* THE PROBLEM
Please return exactly the lines below that run from the line with "Dresser, Rolling on" through the end of the listing, both included, but not the pictures.

* RECORDED DATA
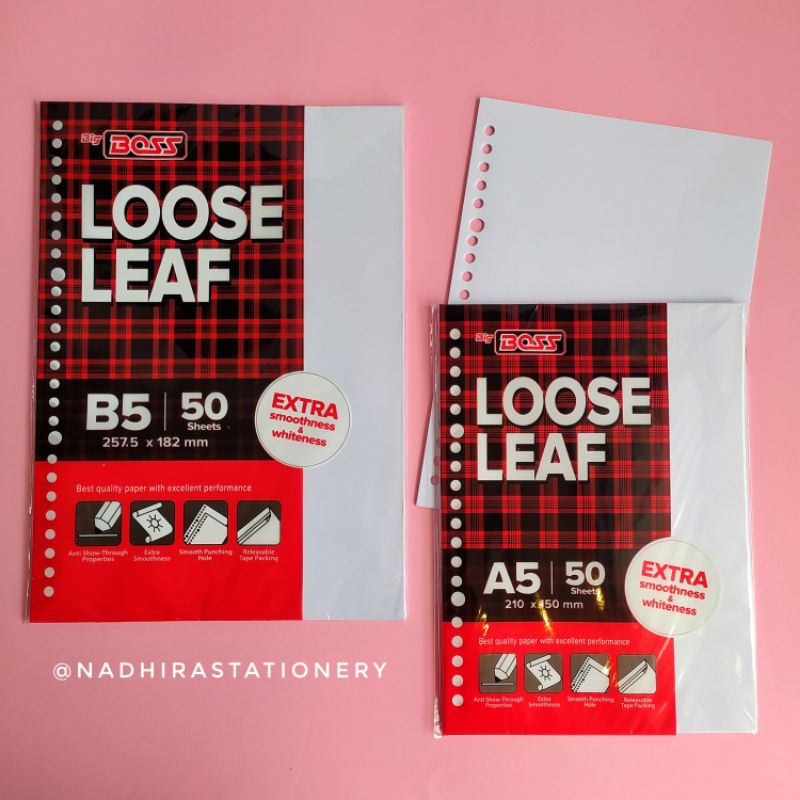 Jual LOOSE LEAF BIGBOSS A5&B5 50/100 POLOS | Shopee Indonesia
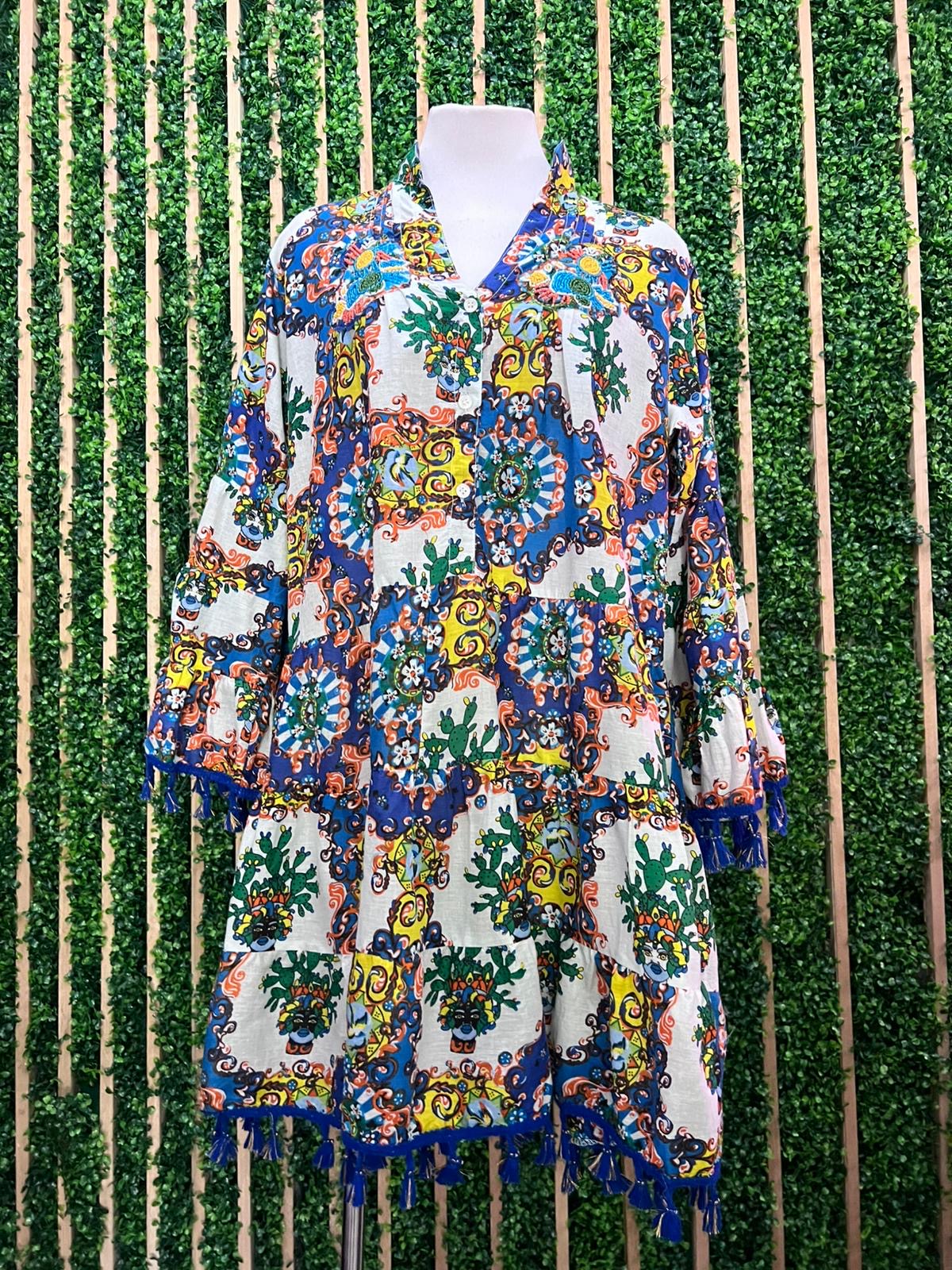 Italy Print Mix Short Dress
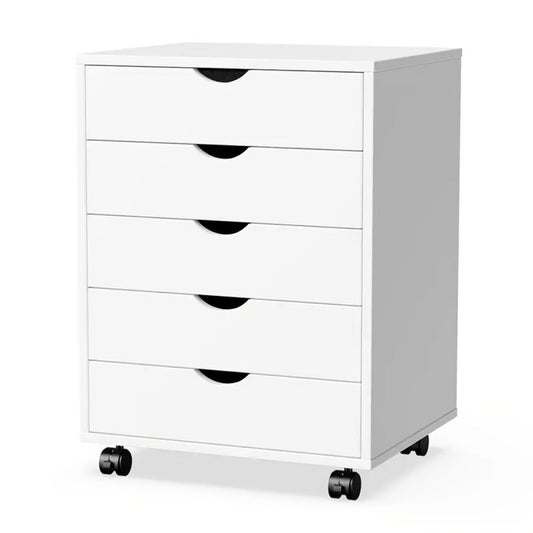 Dresser, Rolling on Wheels with 5 Drawers, Compact Wooden Storage Cabinet for Bedroom shown in the main product view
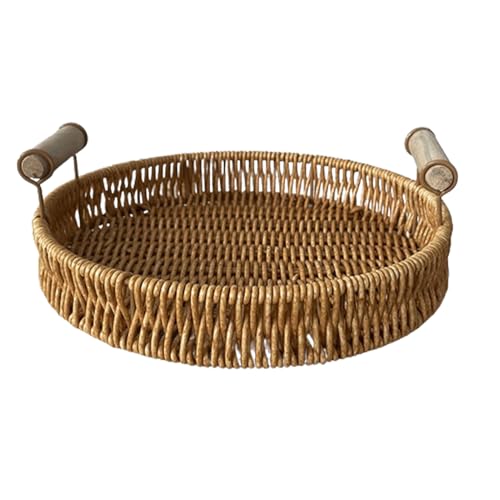 Storage Basket - Plateau en rotin avec poignées | Round Handwoven, Fruit Snack Picnic Bread Serving Basket | Japanese Style Dinner Tray, Breakfast Food Plate, Decorative Home Organizer (Small, Medium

* RESPONSE
 Dresser, Rolling on Wheels with 5 Drawers, Compact Wooden Storage Cabinet for Bedroom shown in the main product view
 Storage Basket - Plateau en rotin avec poignées | Round Handwoven, Fruit Snack Picnic Bread Serving Basket | Japanese Style Dinner Tray, Breakfast Food Plate, Decorative Home Organizer (Small, Medium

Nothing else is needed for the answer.